Sie mögen das Wort mit dem fatalen „C“ schon gar nicht mehr hören und werden trotzdem auf Schritt und Tritt daran erinnert? Das wird wohl noch eine Weile so bleiben. Die Welt wird nie mehr sein, wie sie einmal war. Oder doch nicht?

Die Propheten, Auguren und Sterndeuter, aber auch die Falschmünzer haben zurzeit Hochkonjunktur. Jedermann und jedefrau blickt in die Kristallkugel und deutet, philosophiert oder schwadroniert, was das Zeug hält und will uns auf den Sprung helfen, wohin die Reise geht, was der Virus-Winzling aus uns gemacht hat und weshalb das Jahrhundert-Trauma uns wie nie zuvor in die zwischenmenschlichen Schranken weist. 

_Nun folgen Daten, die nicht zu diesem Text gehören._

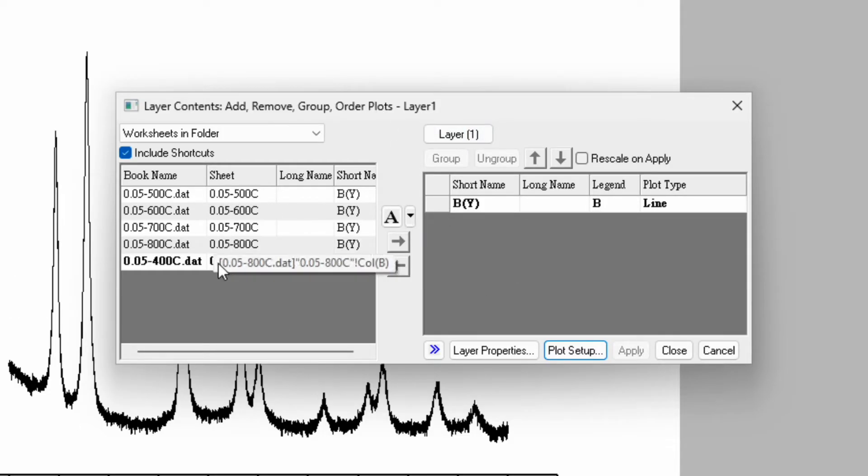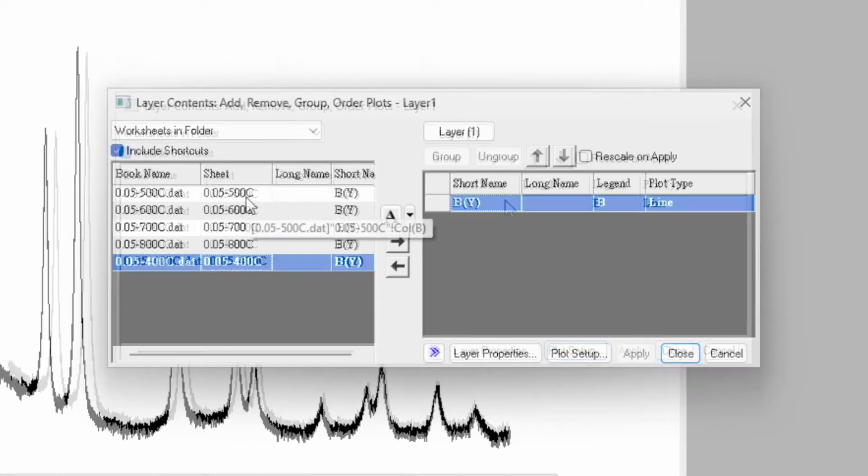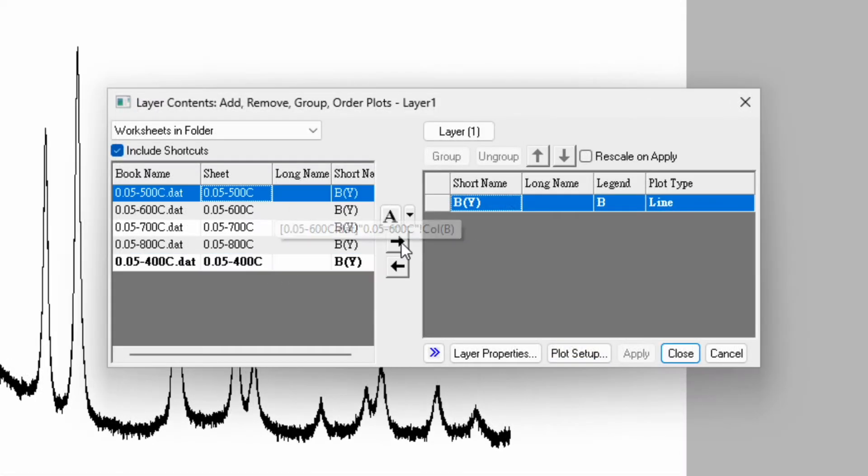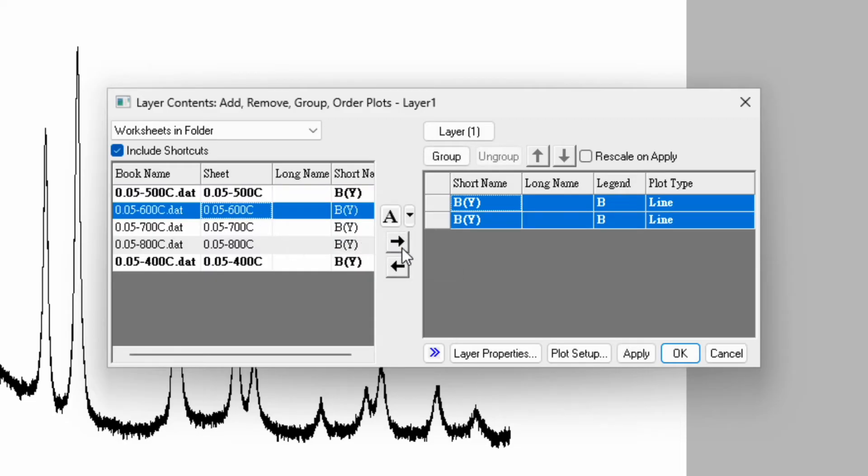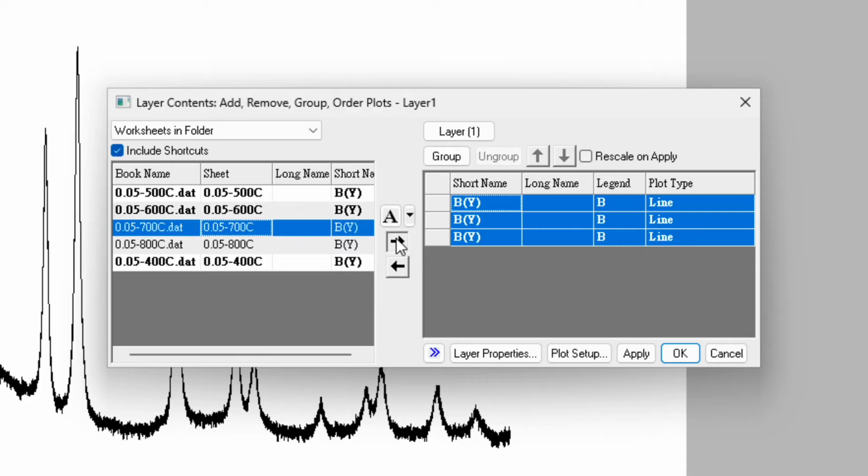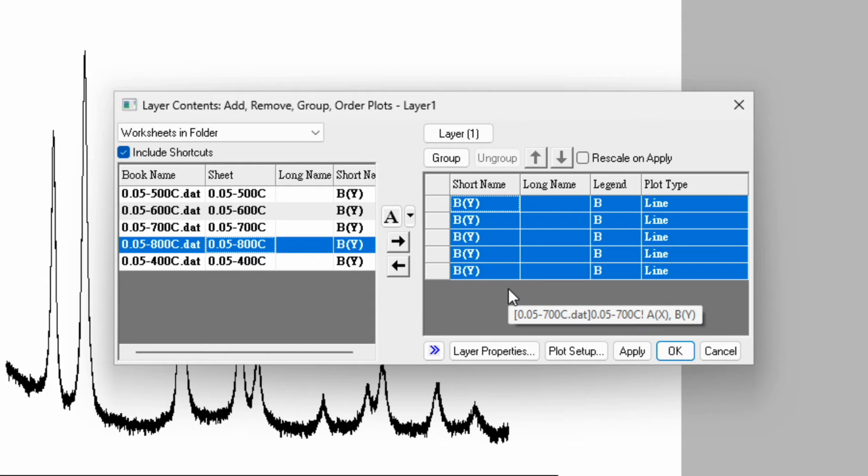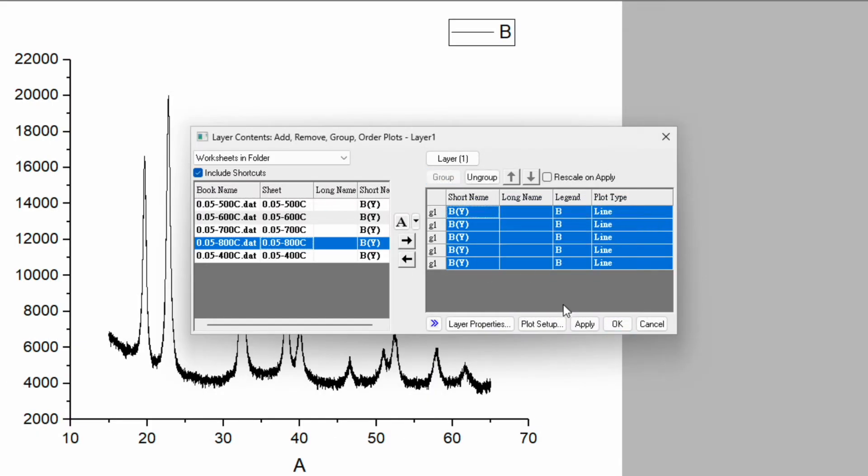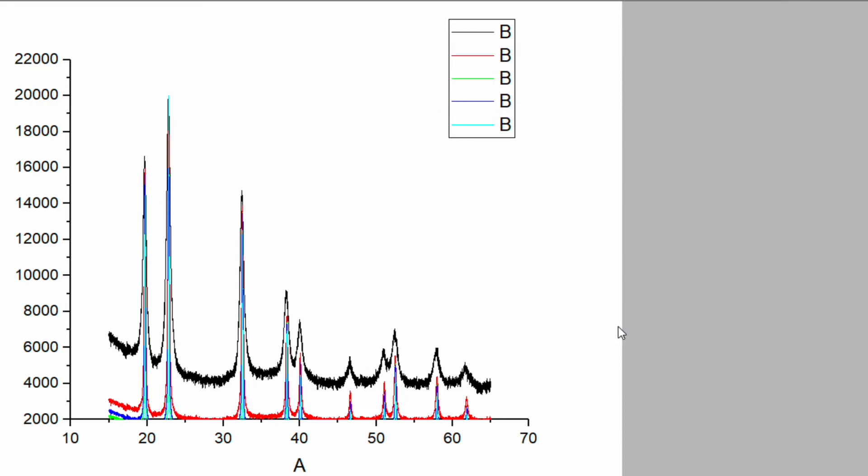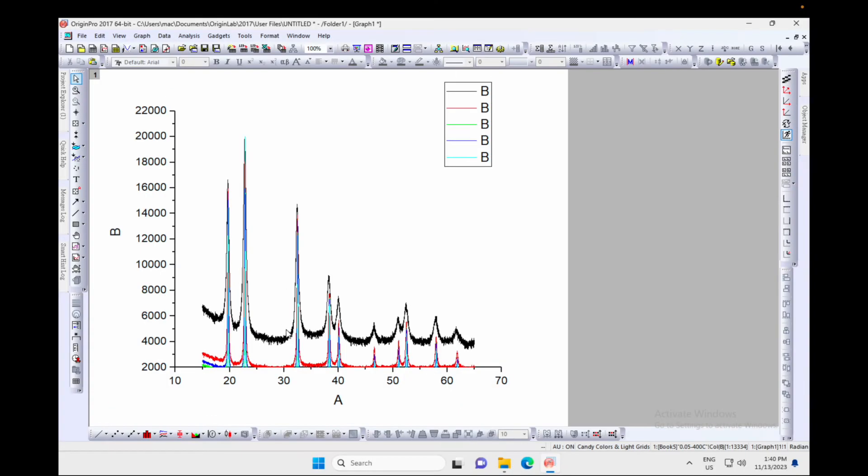This is layer one with the data in the project folder. Add the second file at 500 by clicking the arrow pointing right. Do the same for 600, 700, and 800. Now all data files are in layer one. Select them, group it, and click OK. All data now plots in the same figure.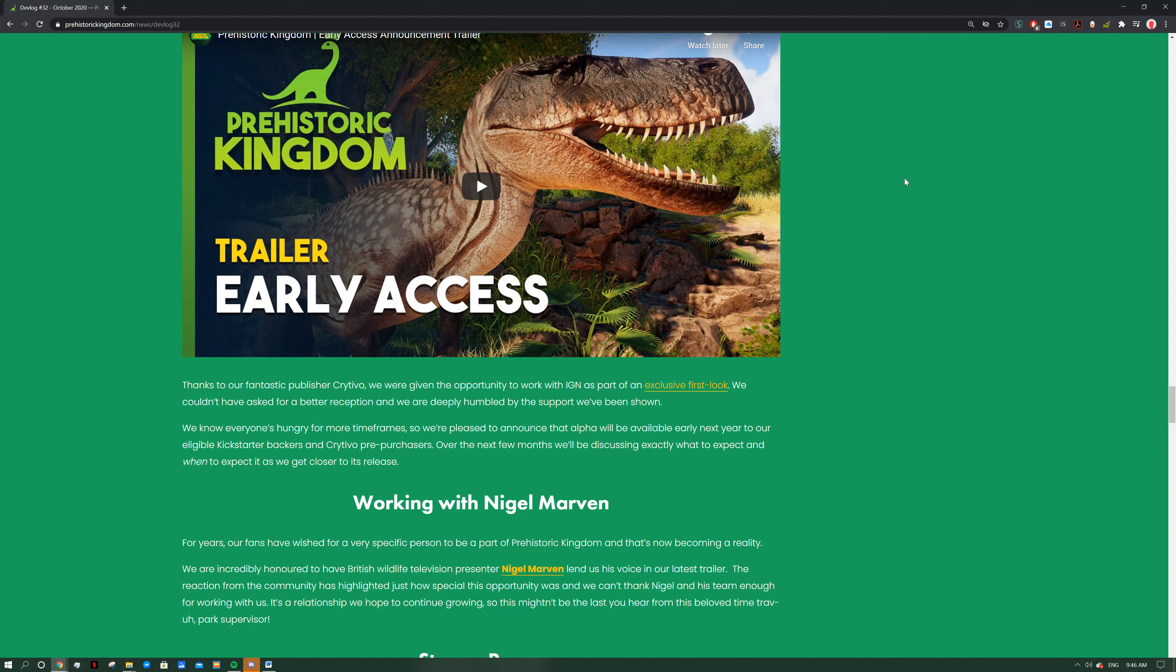We know everyone's hungry for more timeframes, so the alpha will be available early next year to our eligible Kickstarter backers and Crytivo pre-purchases. If you've got your alpha, you should be able to get it about early next year, so that'll be awesome. Over the next few months we'll be discussing exactly what to expect and when to expect it as we get closer to release. The alpha shouldn't be anything too big, it's just to get it out there, kind of test it out, test the water so to speak. I wouldn't worry about it, but it's going to be awesome to finally get your hands on it.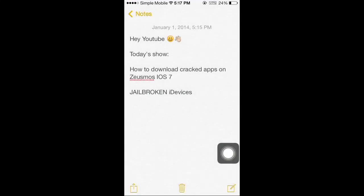Hey YouTube, today I'm going to show you how to download cracked apps on Zeusmos for iOS 7 on all jailbroken devices.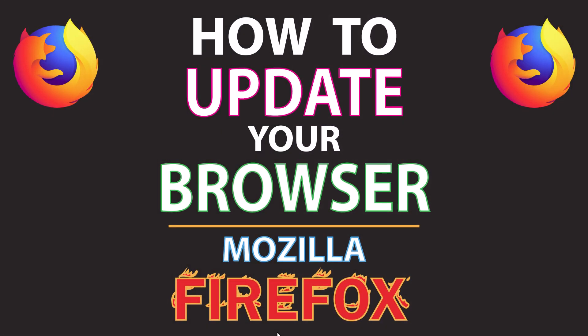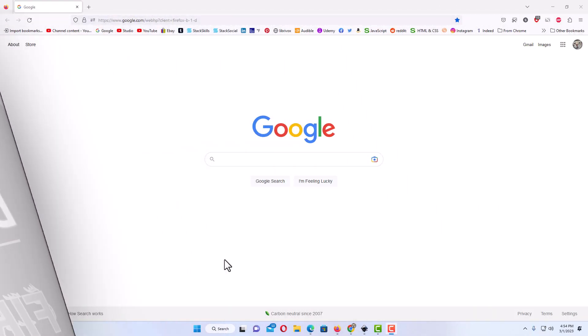This is going to be a video tutorial on how to check for updates on the Mozilla Firefox web browser. I will be using a desktop PC for this. Let me jump over to my browser here.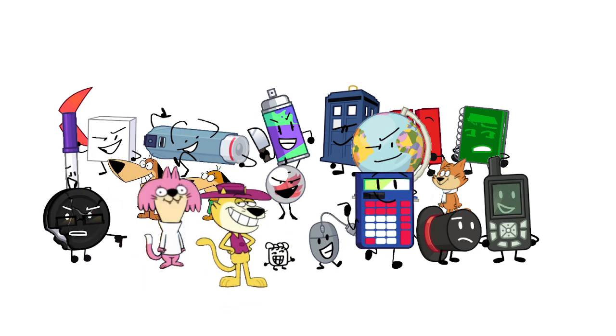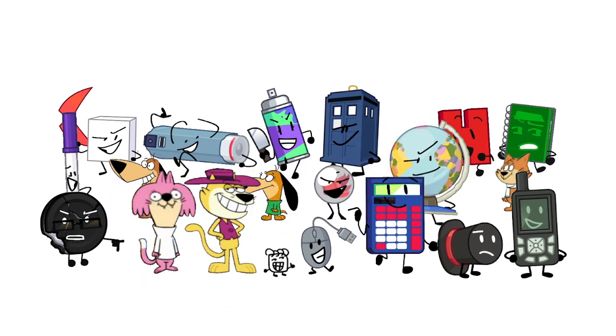Dumb ways to die, so many dumb ways to die, it's hard to get by.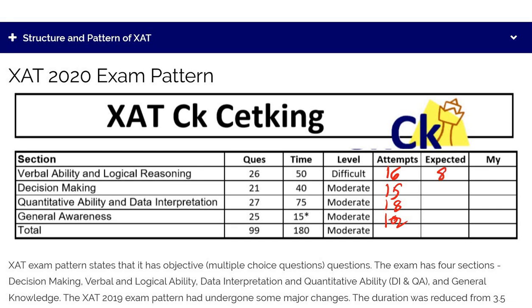The expected cutoff changes every year, but your target net scores should be: Verbal 8 marks, Decision Making 9, and Quant 10 — with an overall score of 30. If you can hit these marks, you are getting a call from all the colleges.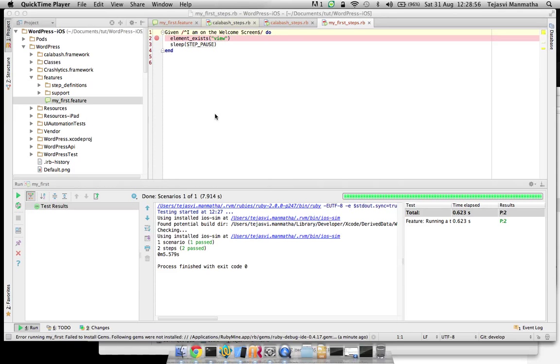I'm going to show you how to configure RubyMine with Calabash. You could do the same thing for Calabash iOS and Calabash Android, so the setup remains the same. There are a few important things you need to know before you start.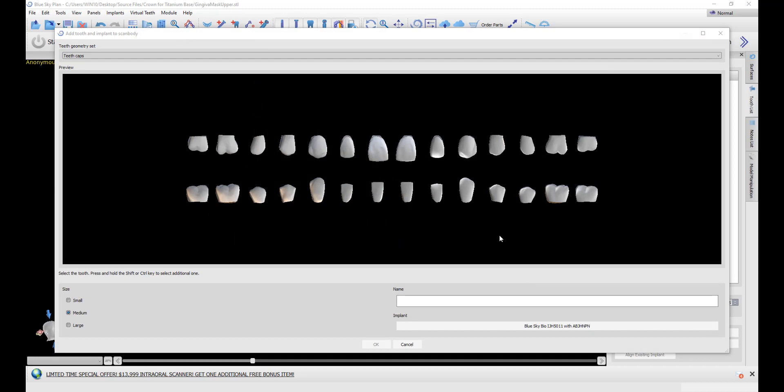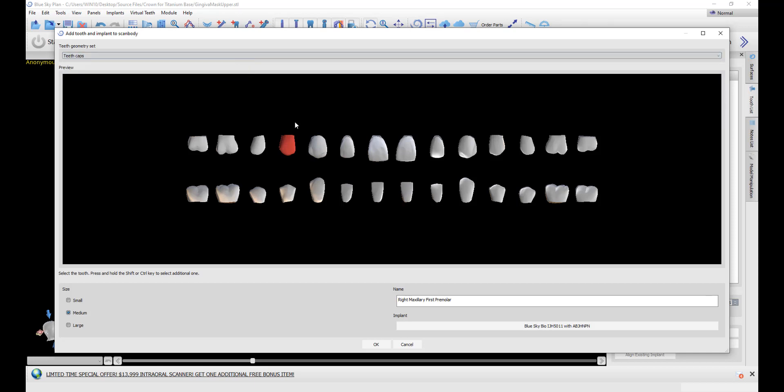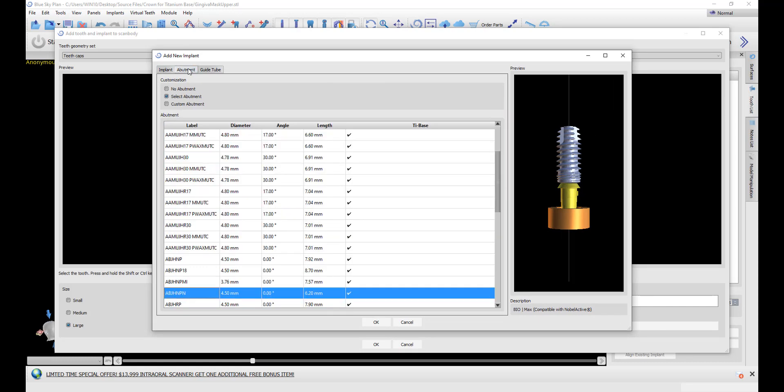The software automatically prompts us to select the relevant tooth. We have several different tooth libraries. Click once to select the relevant tooth. Select small, medium, or large. At this point you also want to select the relevant implant and the relevant titanium based digital abutment. Select the relevant implant, select the relevant abutment, and then click OK.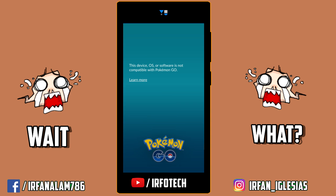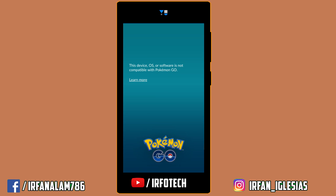You can see it says 'this device OS or software is not compatible with Pokemon Go.' This usually happens when you have a rooted phone. Let's see how to fix this.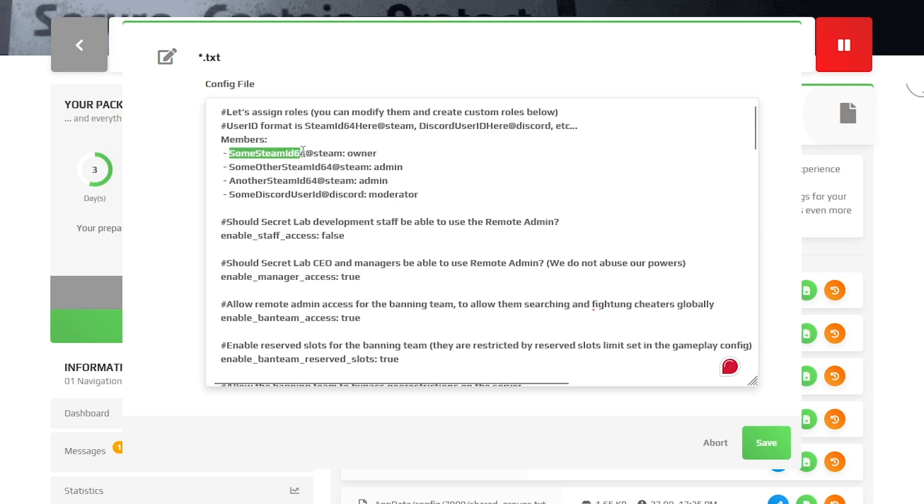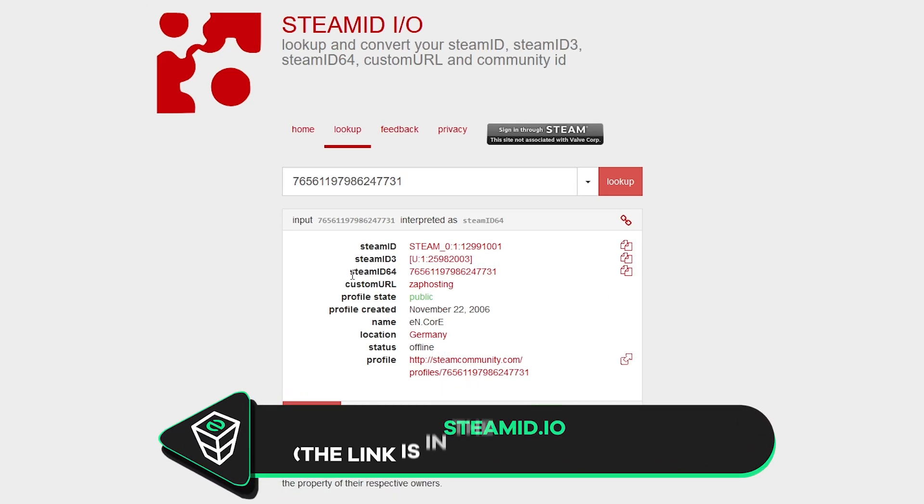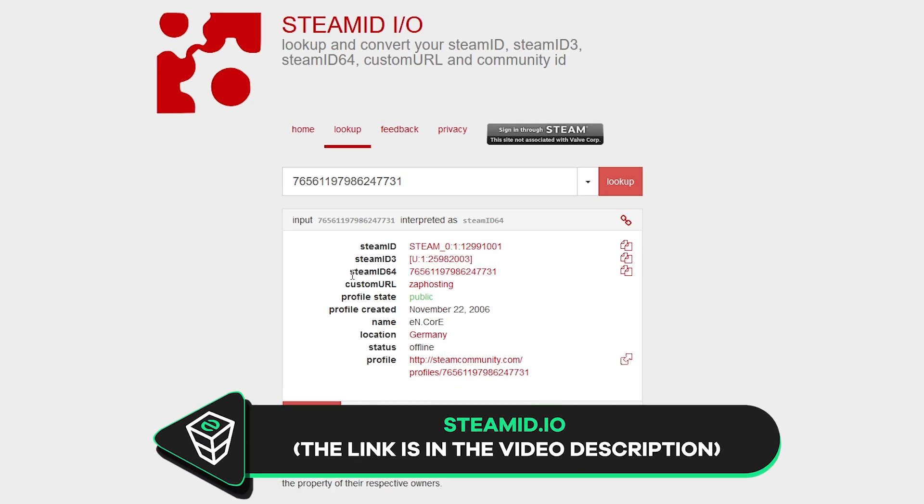Here, you will need to paste in your Steam64ID. You can simply find your Steam64ID on the steamid.io website. The link to it can be found in the video description.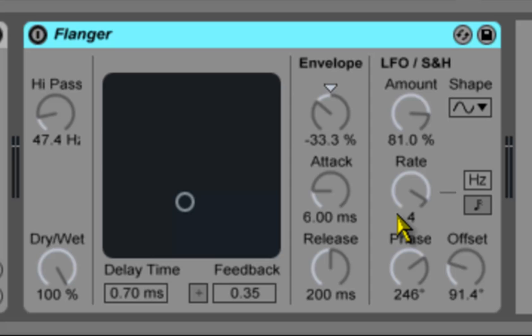Periodic control of the delay time is possible using the envelope section. You can increase or decrease the envelope amount or invert its shape with negative value and then use the attack and release controls to the final envelope shape.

Und jetzt soll also auch die Redaktion von Seniorweb noch ihren Senf dazu geben. Ob das nötig ist, ob das Glas dabei halbvoll oder halbleer ist, muss ich Ihrem Optimismus oder Ihrer Skepsis überlassen. Fatalistisch bin ich nicht, nachdenklich und verunsichert aber schon. Die meisten Lesenden unter uns gehören ja zur Risikogruppe und müssen sich scheele Blicke gefallen lassen, wenn sie sich beim Einkaufen oder beim verstohlenen Spaziergang blicken lassen.

Die Wirtschaft befürchtet existenzielle Kollateralschäden und pocht an die Türen des Bundesrates, der Entschleunigung so rasch wie möglich Einhalt zu gebieten und den courant normal lieber morgen als übermorgen zu gewähren. Wir sind ein Volk von Experten und trauen es höchstens Daniel Koch vom BAG zu, es noch ein bisschen besser zu wissen. Die anfängliche Einigkeit unter den Parteipräsidenten beginnt zu bröckeln, denn sie wittern im Kaffeesatz lesen die Gunst der Stunde, ihr Profil zu schärfen.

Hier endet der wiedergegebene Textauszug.